Entity
Last updated
Last updated
An entity is a collection of semantically related features. Users define entities to map to the domain of their use case. For example, a ride-hailing service could have customers and drivers as their entities, which group related features that correspond to these customers and drivers.
The entity name is used to uniquely identify the entity (for example to show in the experimental Web UI). The join key is used to identify the physical primary key on which feature values should be stored and retrieved.
Entities are used by Feast in many contexts, as we explore below:
Feast's primary object for defining features is a feature view, which is a collection of features. Feature views map to 0 or more entities, since a feature can be associated with:
zero entities (e.g. a global feature like num_daily_global_transactions)

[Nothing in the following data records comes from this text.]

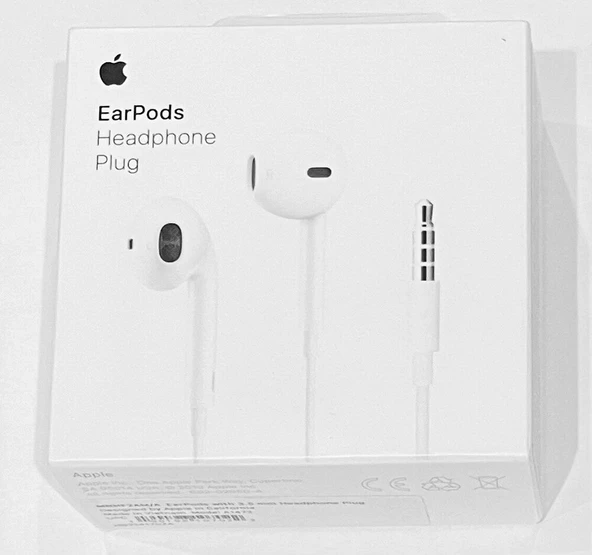 Apple EarPods 3,5mm Jak Girişli Kulaklık MD827ZM/B (Kutulu) CEPTELB020720 ürün görseli 1
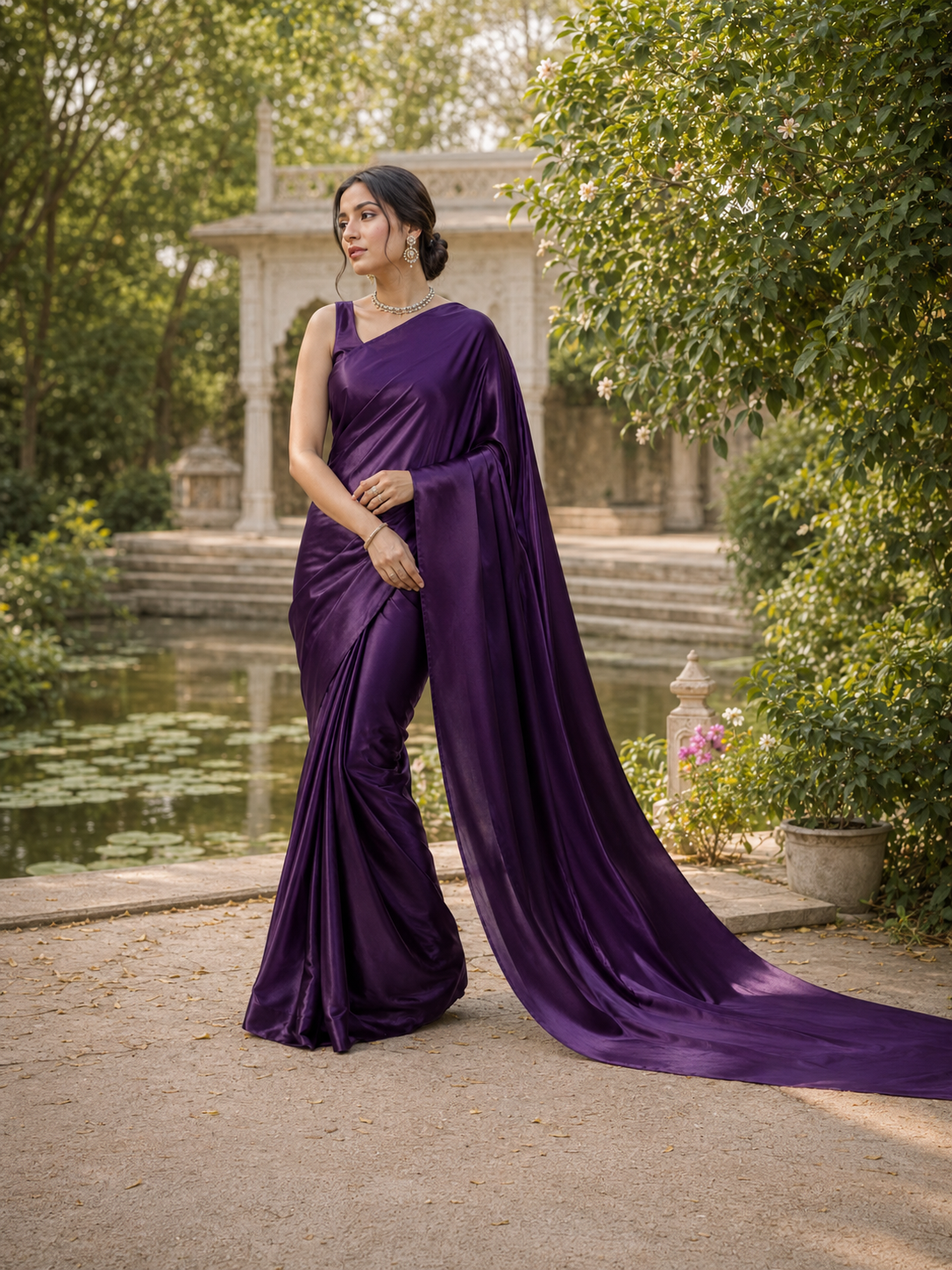 Bareeze Shamooz Silk Digital Printed Sari | BZ729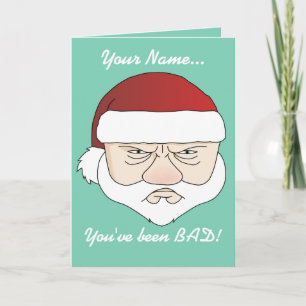 Grumpy Santa Feiertagskarte
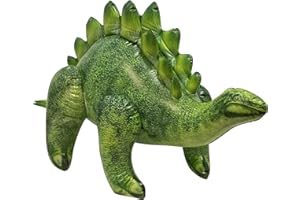 Jet Creations-DI-STE2 (-) Dinosauro Gonfiabile, Multicolore, Size 46 Inches in Length And 20 Inches in Height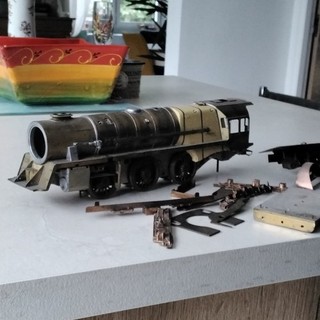 Locomotive à vapeur echelle 0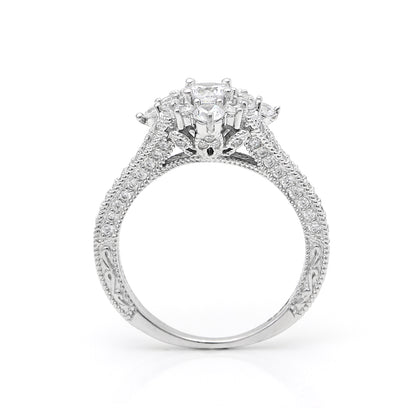 SelenaEngagementRingSterlingSilverCzClusterWomensGingerLyneCollection_Clear-3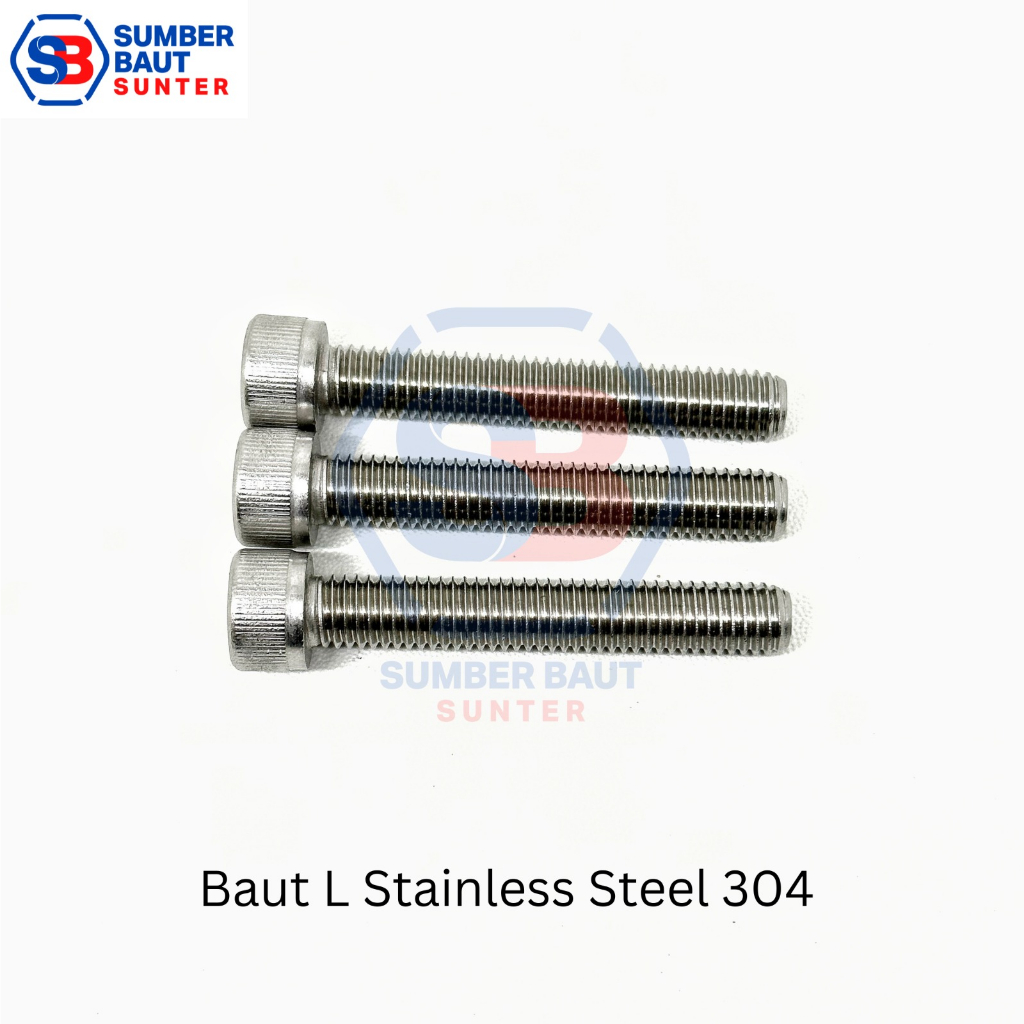 M10x130 Baut L Stainless SS 304 Hex Head Socket Screw 10x130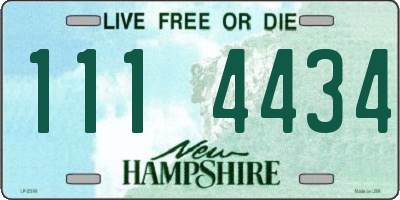 NH license plate 1114434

one entity (e.g. a user feature like user_age or last_5_bought_items)
multiple entities, aka a composite key (e.g. a user + merchant category feature like num_user_purchases_in_merchant_category)
Feast refers to this collection of entities for a feature view as an entity key.
Entities should be reused across feature views. This helps with discovery of features, since it enables data scientists understand how other teams build features for the entity they are most interested in.
Feast will use the feature view concept to then define how to store groups of features in a low-latency online store.
At training time, users control what entities they want to look up, for example corresponding to train / test / validate splits. A user specifies a list of entity keys + timestamps they want to fetch point-in-time correct features for to generate a training dataset.
At serving time, users specify entity key(s) to fetch the latest feature values for to power a real-time model prediction (e.g. a fraud detection model that needs to fetch the transaction user's features).
Q: Can I retrieve features for all entities?
Kind of.
In practice, this is most relevant for batch scoring models (e.g. predict user churn for all existing users) that are offline only. For these use cases, Feast supports generating features for a SQL-backed list of entities. There is an open GitHub issue that welcomes contribution to make this a more intuitive API.
For real-time feature retrieval, there is no out of the box support for this because it would promote expensive and slow scan operations. Users can still pass in a large list of entities for retrieval, but this does not scale well.